**Problem details:**
Using the material that follows, output exactly the lines from the one containing "Couverture du produit" through the one containing "Beekeeper US American", with both ends kept.

[Opening Material for this exercise section]

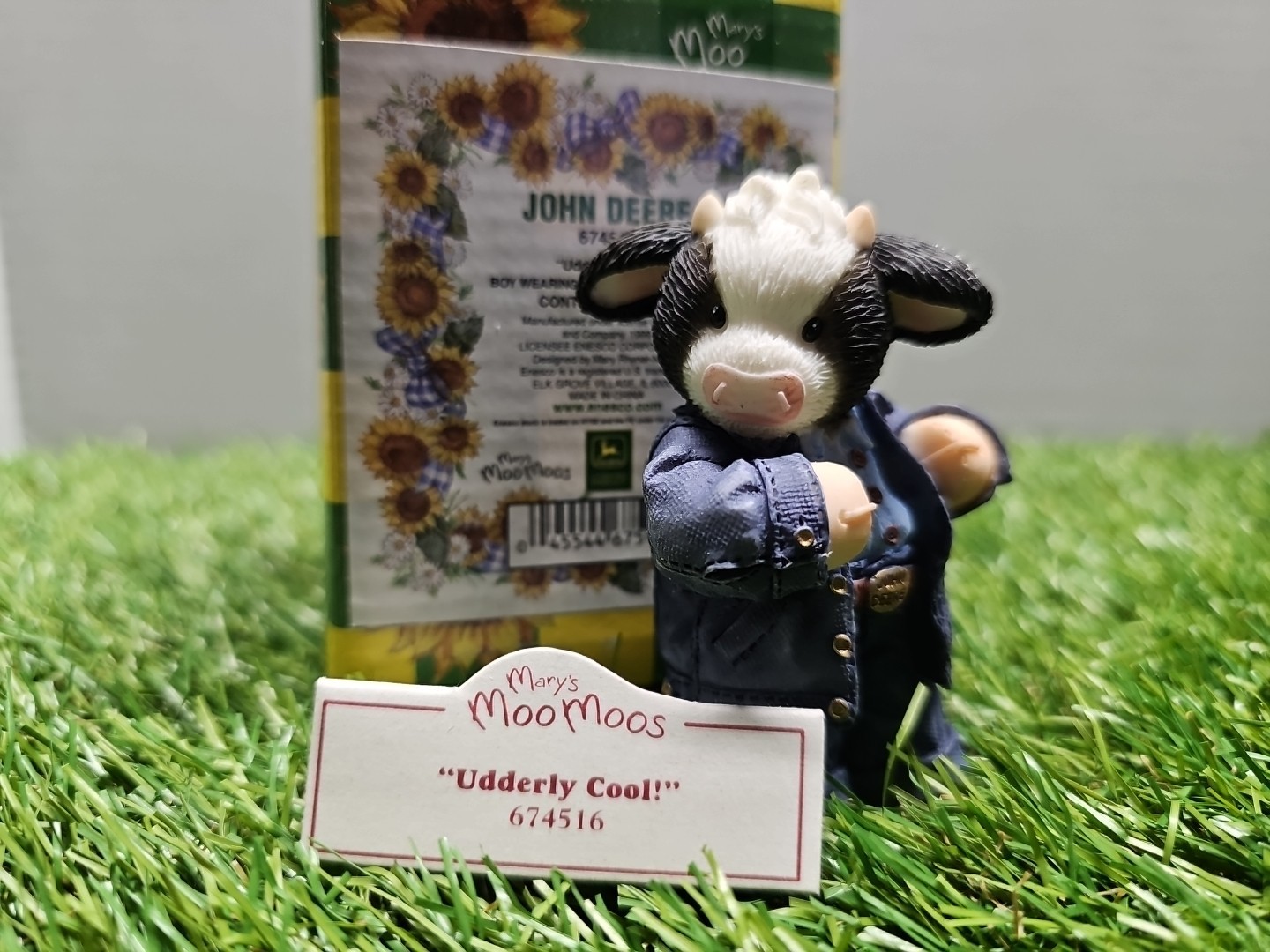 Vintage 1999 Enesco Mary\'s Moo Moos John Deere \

[Closing Material for this exercise section]
[Opening Material for this exercise section]

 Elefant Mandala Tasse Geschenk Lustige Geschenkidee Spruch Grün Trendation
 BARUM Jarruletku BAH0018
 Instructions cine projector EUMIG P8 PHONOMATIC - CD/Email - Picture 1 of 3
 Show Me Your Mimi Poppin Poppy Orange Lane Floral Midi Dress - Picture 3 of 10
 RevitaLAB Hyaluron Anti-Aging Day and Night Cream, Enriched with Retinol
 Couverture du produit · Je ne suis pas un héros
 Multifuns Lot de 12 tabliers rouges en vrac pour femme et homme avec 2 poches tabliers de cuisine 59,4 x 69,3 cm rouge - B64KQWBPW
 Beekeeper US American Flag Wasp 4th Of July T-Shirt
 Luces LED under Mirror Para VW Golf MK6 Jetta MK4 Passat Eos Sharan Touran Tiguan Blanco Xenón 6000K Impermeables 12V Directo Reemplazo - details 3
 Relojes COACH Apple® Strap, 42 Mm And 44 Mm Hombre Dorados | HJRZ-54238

[Closing Material for this exercise section]
[Opening Material for this exercise section]

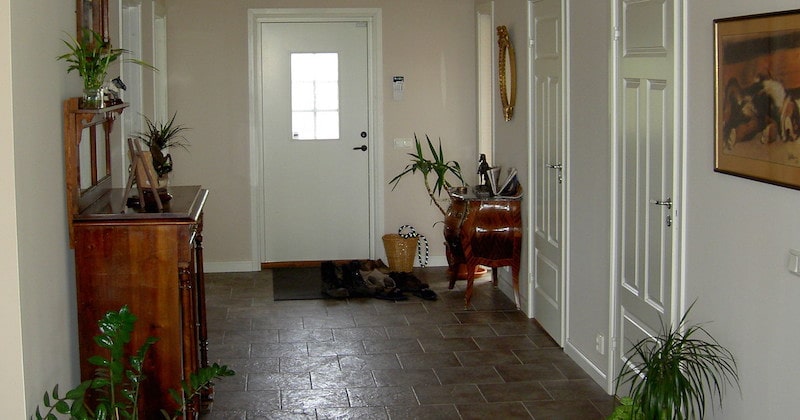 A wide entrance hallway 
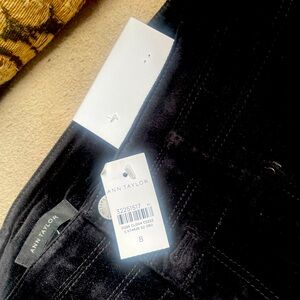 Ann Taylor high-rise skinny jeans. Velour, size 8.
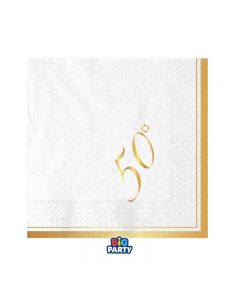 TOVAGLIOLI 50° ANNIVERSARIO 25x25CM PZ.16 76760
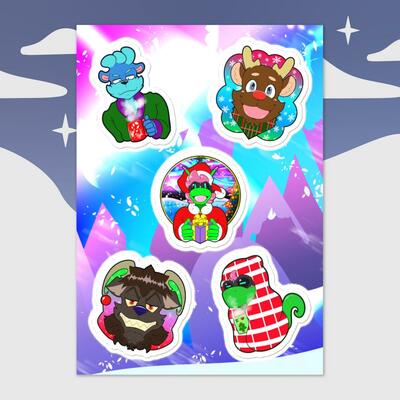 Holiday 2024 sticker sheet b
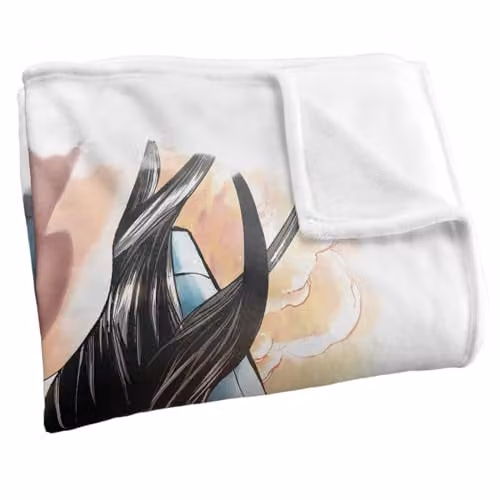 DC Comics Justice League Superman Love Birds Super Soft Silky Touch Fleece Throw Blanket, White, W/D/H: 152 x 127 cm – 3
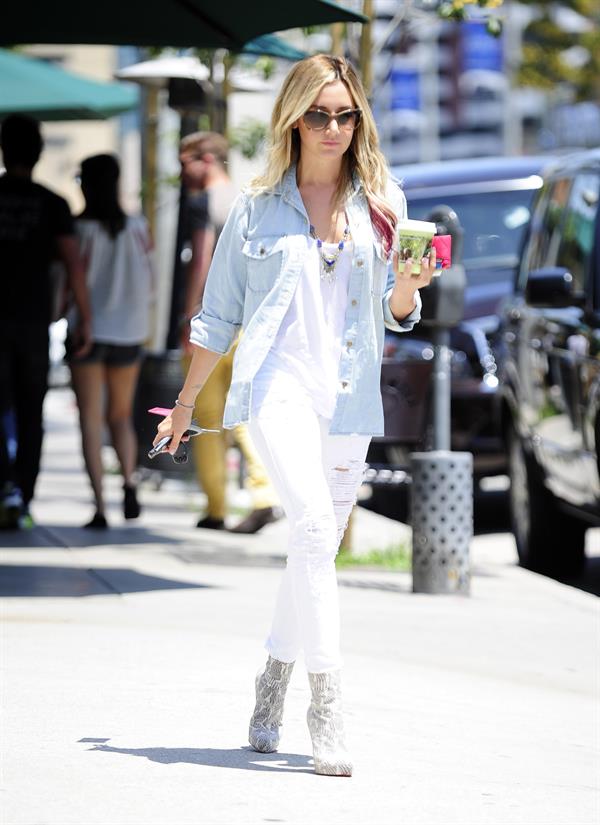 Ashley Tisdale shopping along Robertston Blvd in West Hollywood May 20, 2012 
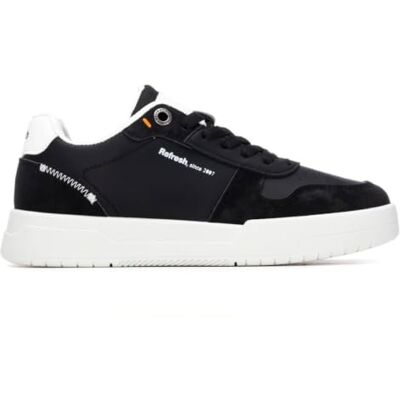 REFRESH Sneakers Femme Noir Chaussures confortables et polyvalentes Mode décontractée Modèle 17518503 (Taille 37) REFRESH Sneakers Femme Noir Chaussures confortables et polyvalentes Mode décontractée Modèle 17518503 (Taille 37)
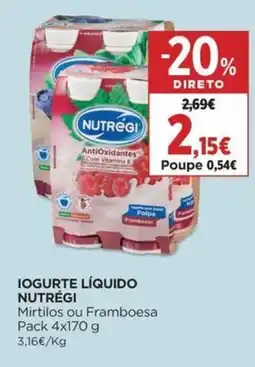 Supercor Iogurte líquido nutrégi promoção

[Closing Material for this exercise section]

**Solution to this task:**
 Couverture du produit · Je ne suis pas un héros
 Multifuns Lot de 12 tabliers rouges en vrac pour femme et homme avec 2 poches tabliers de cuisine 59,4 x 69,3 cm rouge - B64KQWBPW
 Beekeeper US American Flag Wasp 4th Of July T-Shirt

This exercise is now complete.